Franco Moretti est un professeur de littérature comparée, passé par Columbia et aujourd’hui à la tête du Stanford literary Lab. Il est l’un des théoriciens littéraires italiens les plus connus aujourd’hui. Dans Distant Reading, un recueil qui a reçu en 2013 le National Book Critics Circle Award,
il met tout son sens de la provocation au service d’une révolution
méthodologique des études littéraires. Montrant la vigueur de son style
théorique, il pose des questions dont le littéraire pourrait
difficilement faire l’économie.
Distant reading rassemble dix des articles les plus fameux et
les plus abrasifs que Moretti ait écrits depuis une vingtaine d’années –
notamment dans les colonnes de la New Left Review. Chacun se
trouve introduit par une courte notice de la main de l’auteur,
contribuant à chaque fois à une mise en perspective réflexive tout à
fait utile. Les pièces de ce recueil questionnent les présupposés
géographiques et cartographiques de nos histoires littéraires,
s’inscrivent dans une controverse vivifiante sur la « littérature
mondiale » et visent, enfin, à fonder une approche quantitative de la
littérature. Le tout oscille sans solution de continuité entre une forme
de darwinisme littéraire et une approche marxiste, dans un souci
permanent de réconcilier histoire littéraire et théorie littéraire.

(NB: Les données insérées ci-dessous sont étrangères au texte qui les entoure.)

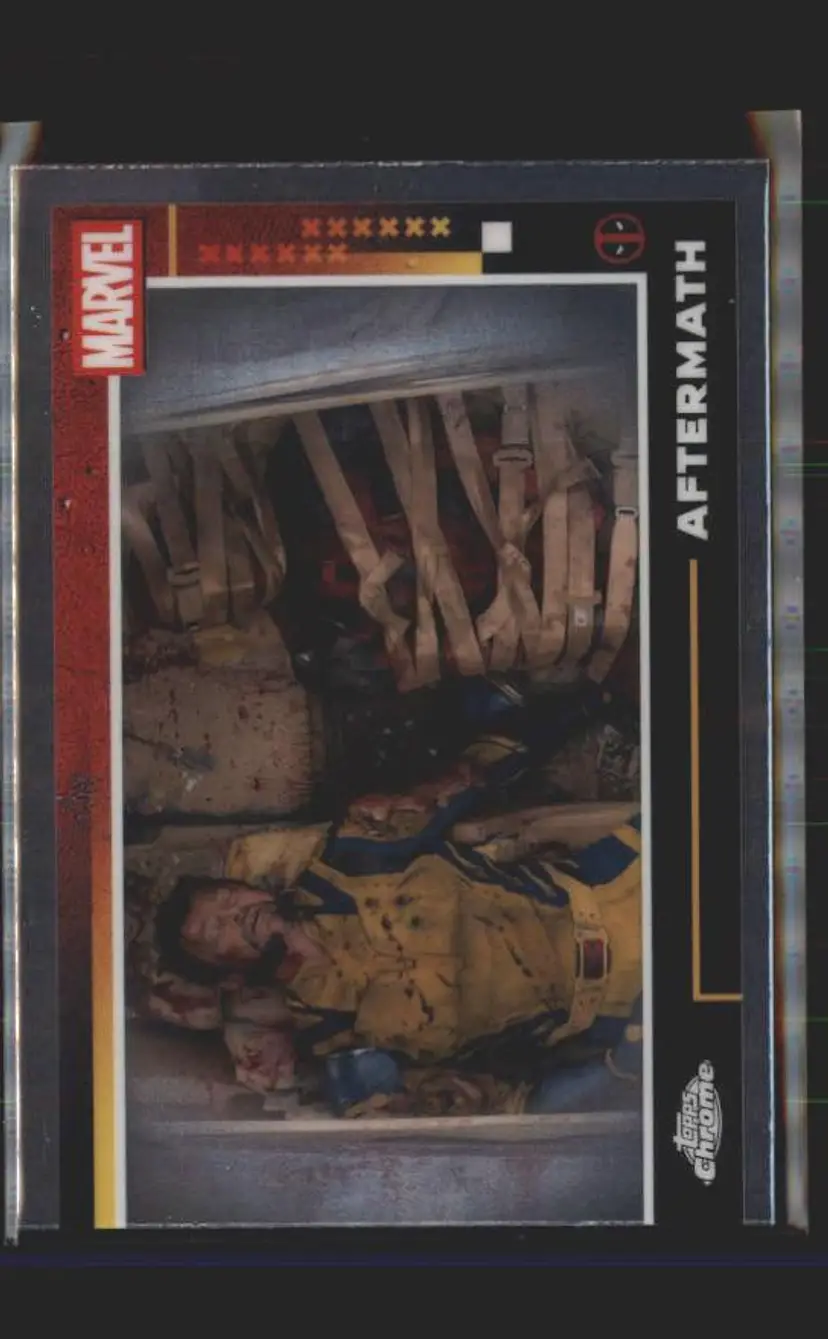 Aftermath 2025 Topps Chrome Marvel Deadpool #76 - (140) -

Certains de ces articles sont relativement connus des comparatistes
et des amateurs de théorie littéraire, à l’instar de « Conjecture on
World Literature » et de « More Conjectures ». Mais cette mise en
recueil est l’occasion de montrer la cohérence de ses réflexions
épistémologiques et de soulever, derrière une relative diversité,
quelques questions profondes, qui n’ont rien perdu de leur actualité [1].
Un iconoclasme théorique
Pour comprendre les thèses de Moretti, une question assez dérangeante pourrait faire office de point de départ : et si le corps de métier du littéraire ne se fondait pas sur la lecture de détail ?
La pratique communément admise du texte est le close Reading :
qu’il recouvre commentaire ou explication de texte, microlectures ou
déconstructions, nos institutions littéraires savantes se fondent sur
cette pierre angulaire pour construire leur identité disciplinaire et
méthodologique, et sans doute aussi une partie de leur légitimité
culturelle. Moretti donne une définition aussi transparente que
ravageuse de cette « lecture de près » comme d’un « very solemn
treatment of very few texts taken very seriously ». Le close Reading
a manifestement un problème : avec un esprit de sérieux mal placé, il
investit une énergie herméneutique considérable sur un corpus canonique
de faible extension. Moretti pointe du doigt un sujet essentiel : à la
différence des autres sciences sociales, les études littéraires éludent
une question pourtant essentielle, celle de la valeur et de la
représentativité des échantillons sur lesquels elles travaillent.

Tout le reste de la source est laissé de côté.